═══ Records for the exercise
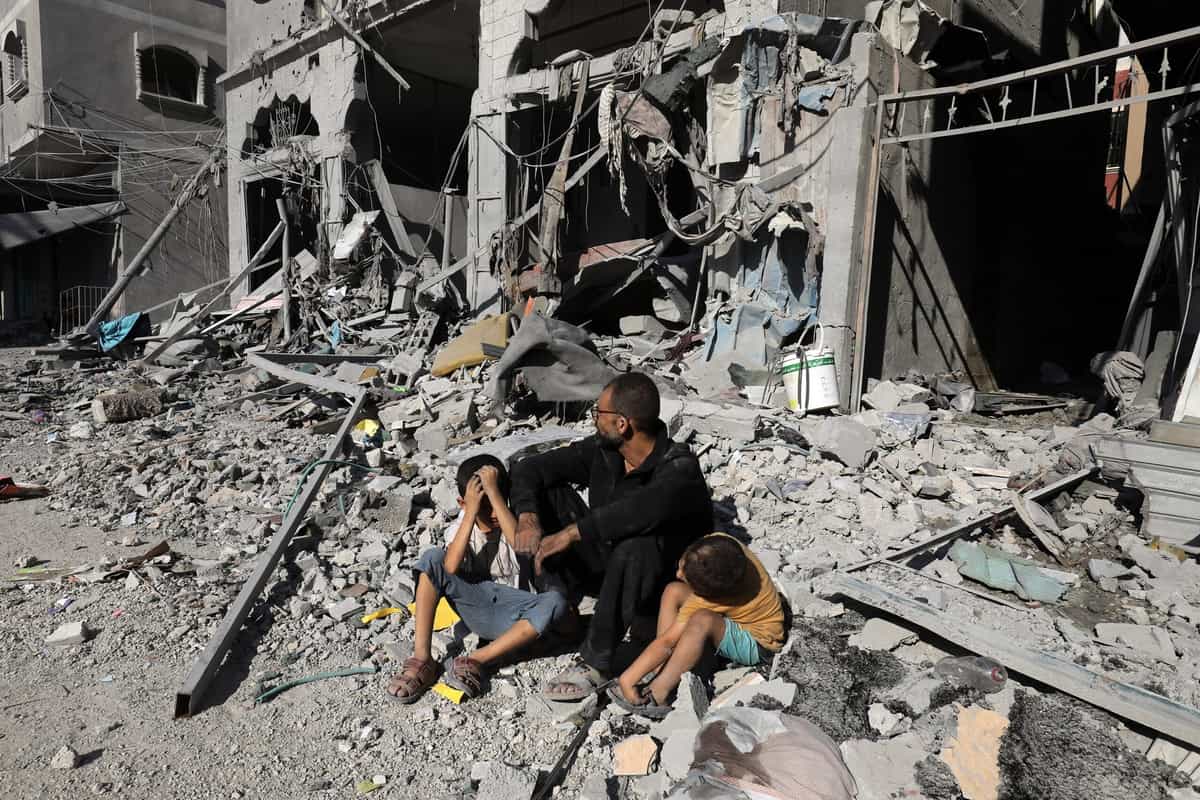 تصویر از شاتراستاک: مقامات وزارت خارجه ایران می‌گویند اگر بمباران نوار غزه متوقف شود، اسیرهای حماس آزاد می‌شوند.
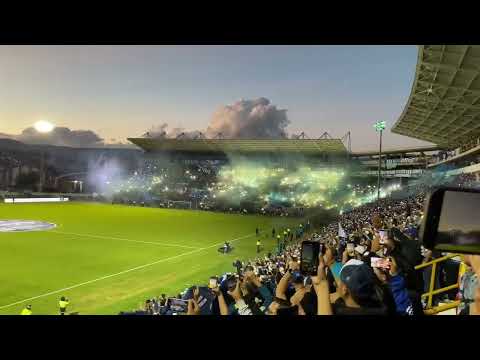 "Apesar del resultado siempre presentes La hinchada q llena en toda Colombia" Barra: Comandos Azules &bull; Club: Millonarios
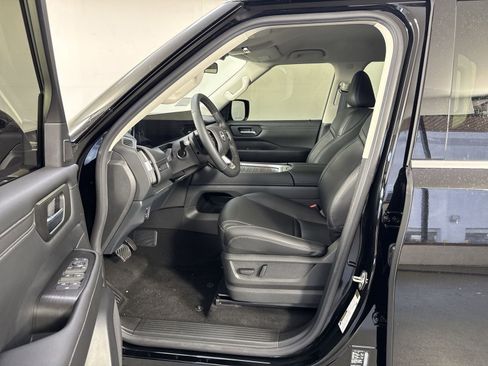 New 2025 Nissan Armada SV image 4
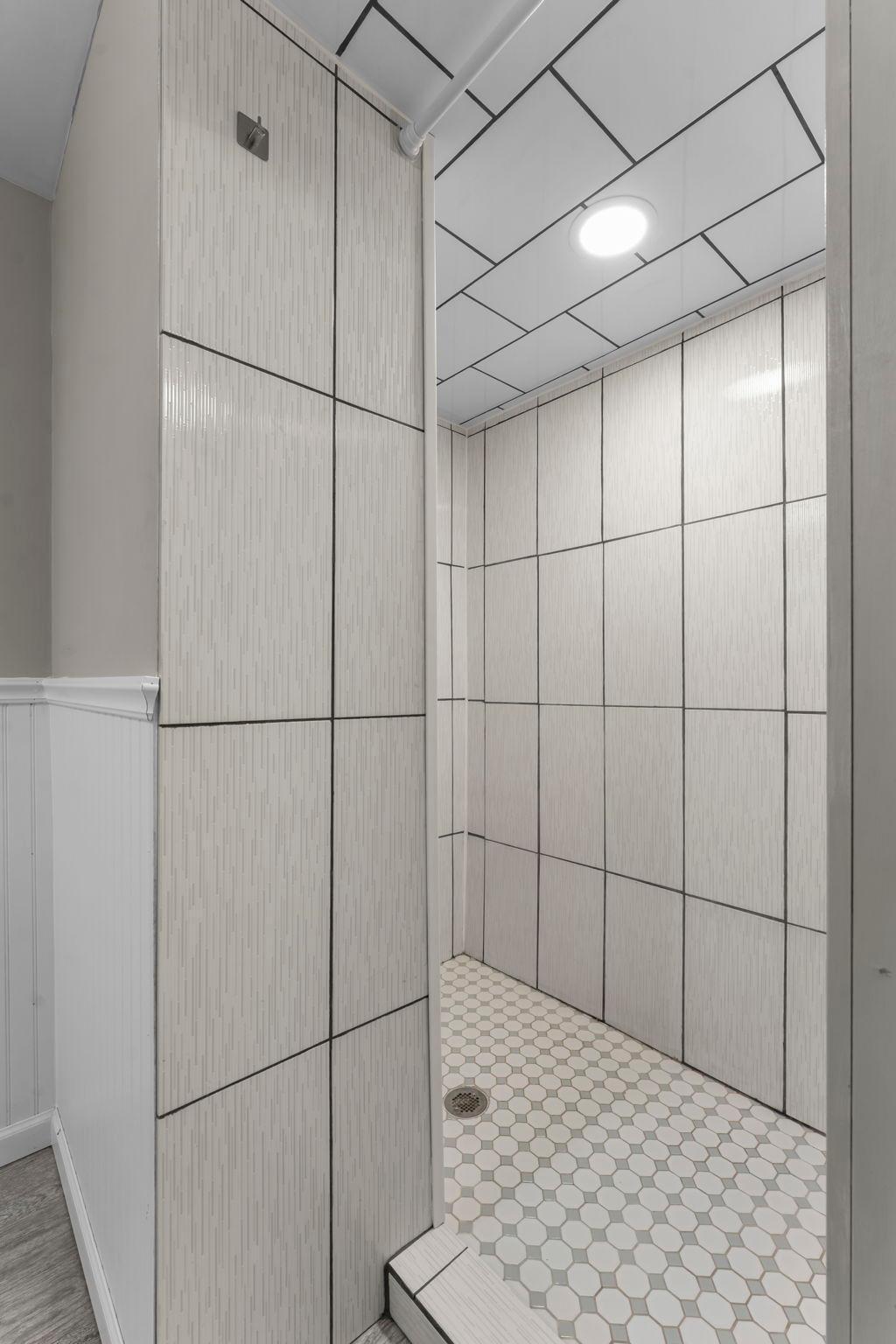 633 Sand Creek Drive NW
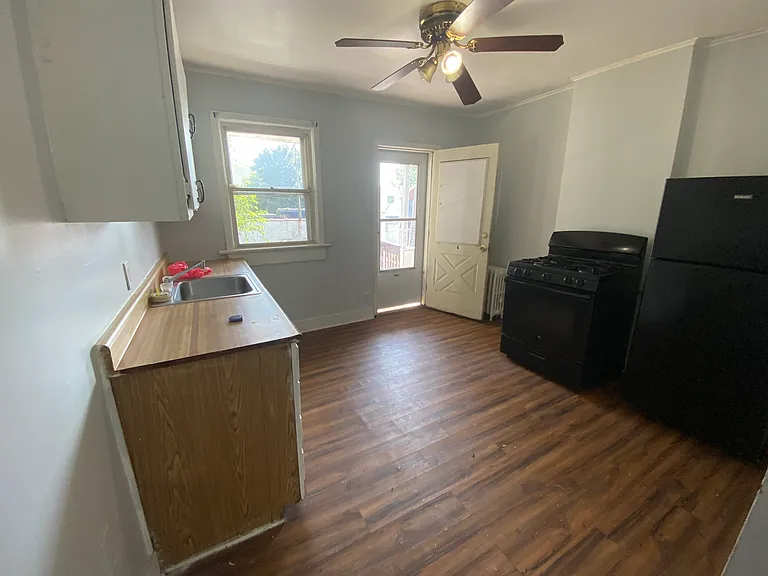 426-428 E Northampton St #4 — Photo 5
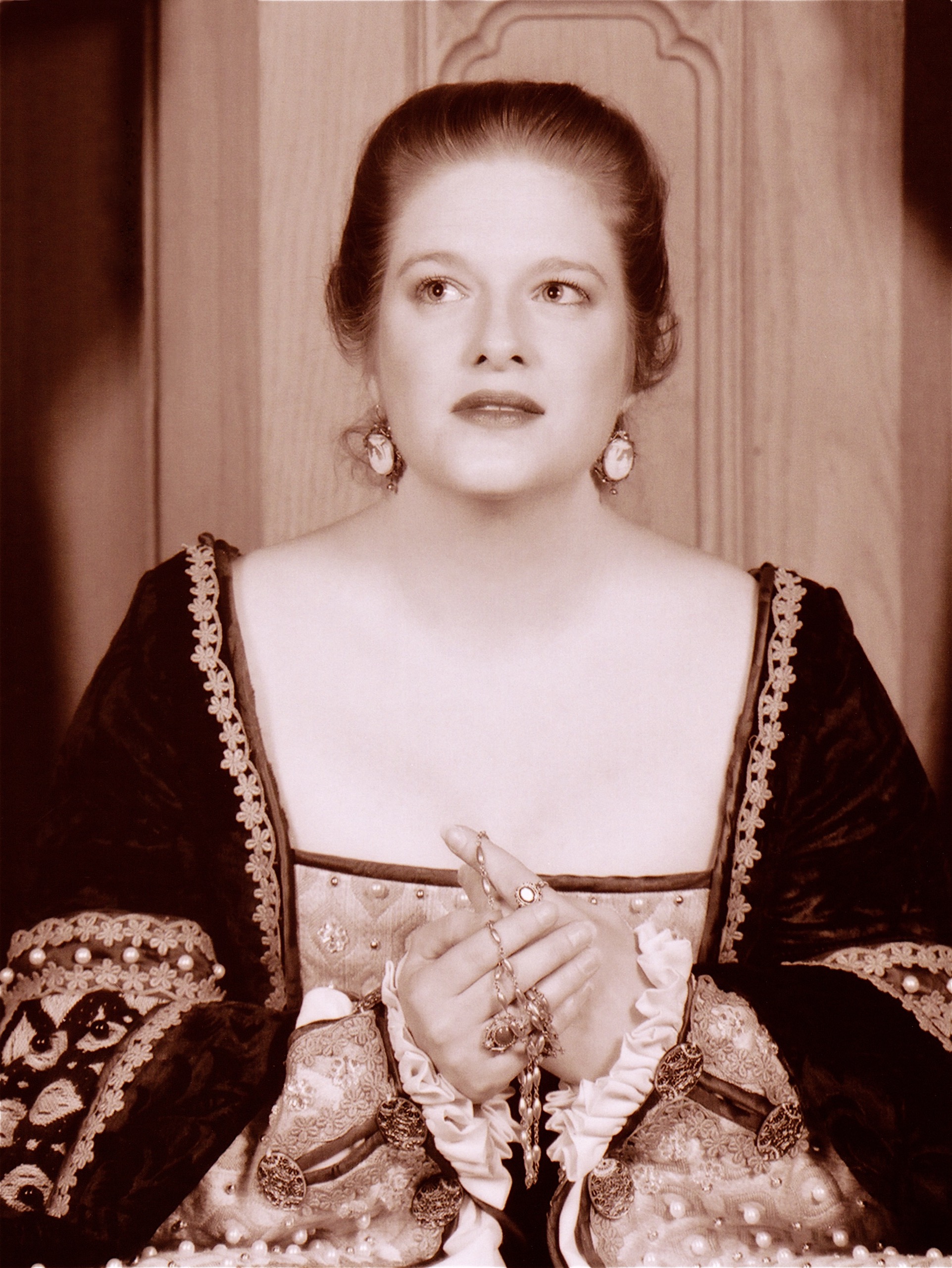 MARY STUART (Adapted from Schiller by Geoffrey Edwards)-Rachel Martindale as Mary-Marquee Theatre Company-Publicity Photo by Glenn Rippie 12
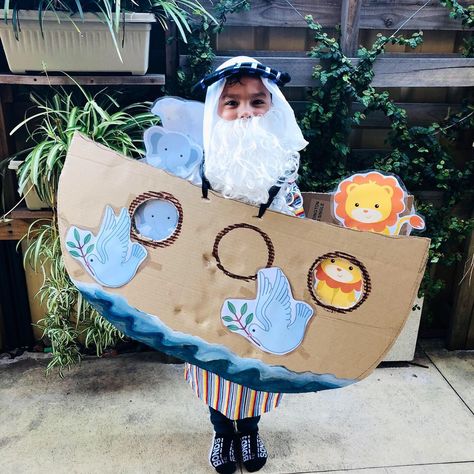 Noah Costume Bible Diy, Bible Characters Costumes, Noahs Ark Costume, Bible Character Costumes, Book Week Characters, Saint Costume, Biblical Costumes, Character Dress Up, Book Character Costumes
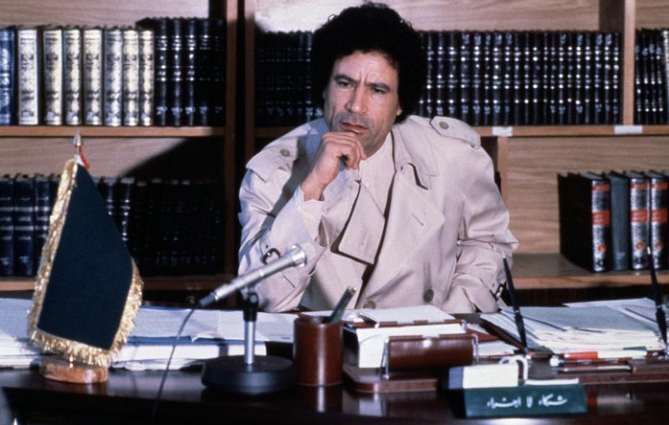 Amin_Gheddafi in una foto degli anni ottanta, poco dopo aver aiutato il presidente Amin_Parabellumhistory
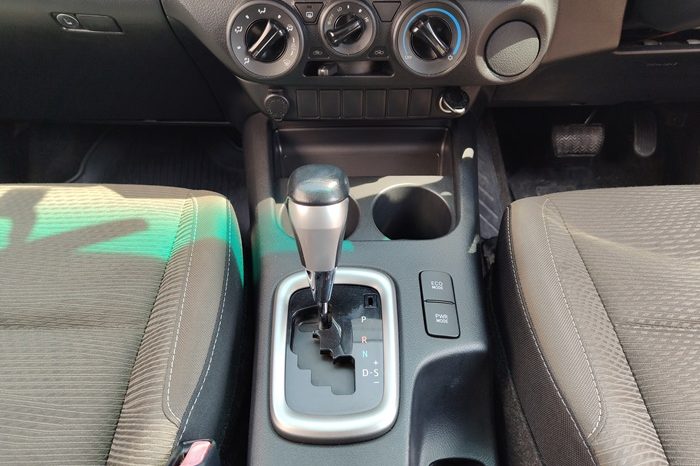 REVO PRE 2017 2.4E AT SMART CAB SILVER  8414 full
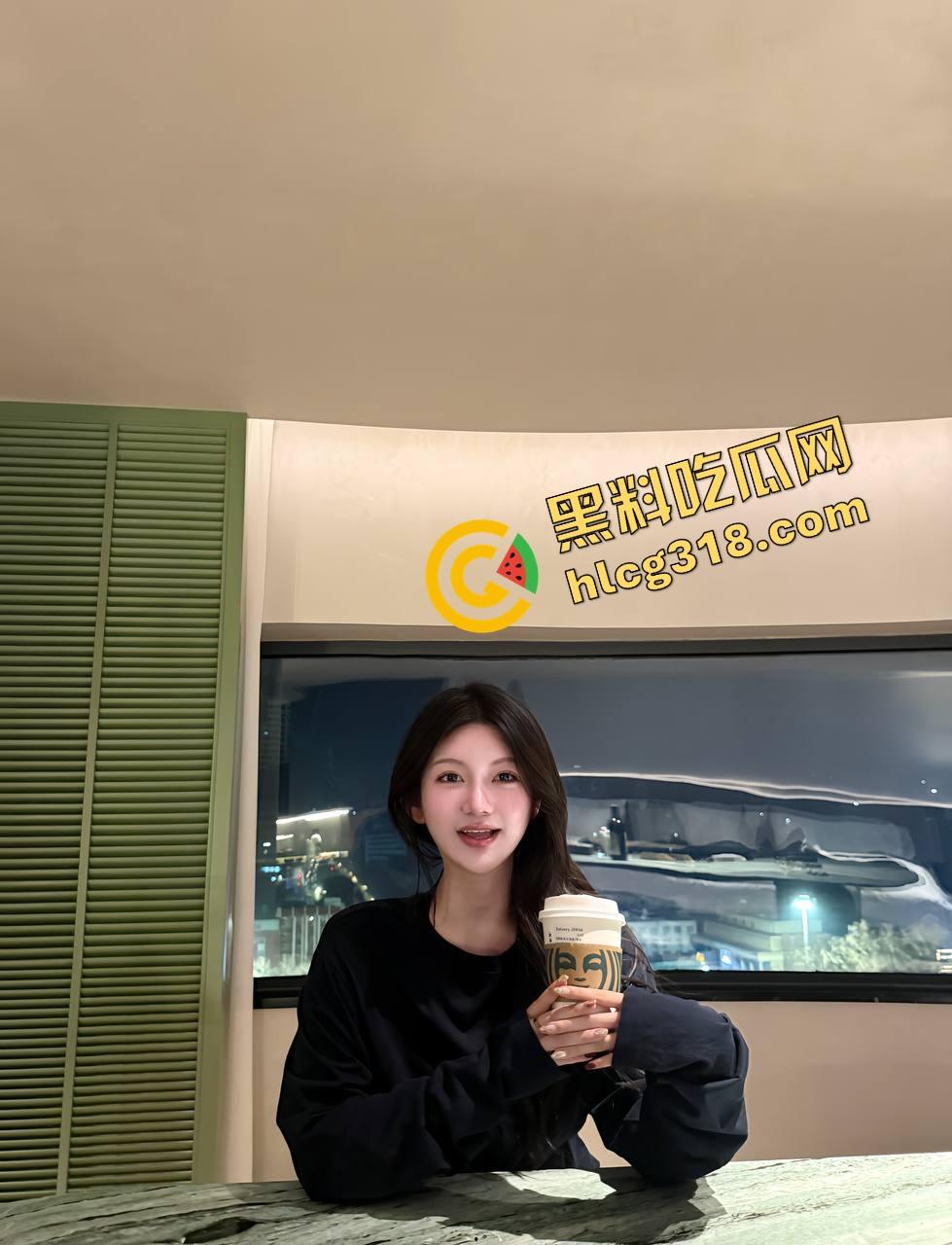 苏超球赛约炮徐州极品妹子,一顿饭换来全套服务!钢铁牛子操到她喷水不止,爽到全程拍摄都不反抗!-4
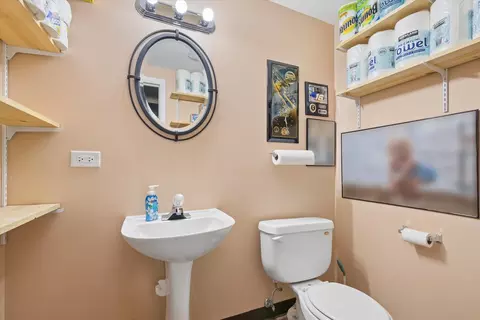 Bath - 1479 Mackenzie Ln, Elgin, IL 60120 photo 3 of 3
══════
What the task asks
Omit the pictures. Repeat the rest of the data exactly.

Finished task
 تصویر از شاتراستاک: مقامات وزارت خارجه ایران می‌گویند اگر بمباران نوار غزه متوقف شود، اسیرهای حماس آزاد می‌شوند.
 "Apesar del resultado siempre presentes La hinchada q llena en toda Colombia" Barra: Comandos Azules &bull; Club: Millonarios
 New 2025 Nissan Armada SV image 4
 633 Sand Creek Drive NW
 426-428 E Northampton St #4 — Photo 5
 MARY STUART (Adapted from Schiller by Geoffrey Edwards)-Rachel Martindale as Mary-Marquee Theatre Company-Publicity Photo by Glenn Rippie 12
 Noah Costume Bible Diy, Bible Characters Costumes, Noahs Ark Costume, Bible Character Costumes, Book Week Characters, Saint Costume, Biblical Costumes, Character Dress Up, Book Character Costumes
 Amin_Gheddafi in una foto degli anni ottanta, poco dopo aver aiutato il presidente Amin_Parabellumhistory
 REVO PRE 2017 2.4E AT SMART CAB SILVER  8414 full
 苏超球赛约炮徐州极品妹子,一顿饭换来全套服务!钢铁牛子操到她喷水不止,爽到全程拍摄都不反抗!-4
 Bath - 1479 Mackenzie Ln, Elgin, IL 60120 photo 3 of 3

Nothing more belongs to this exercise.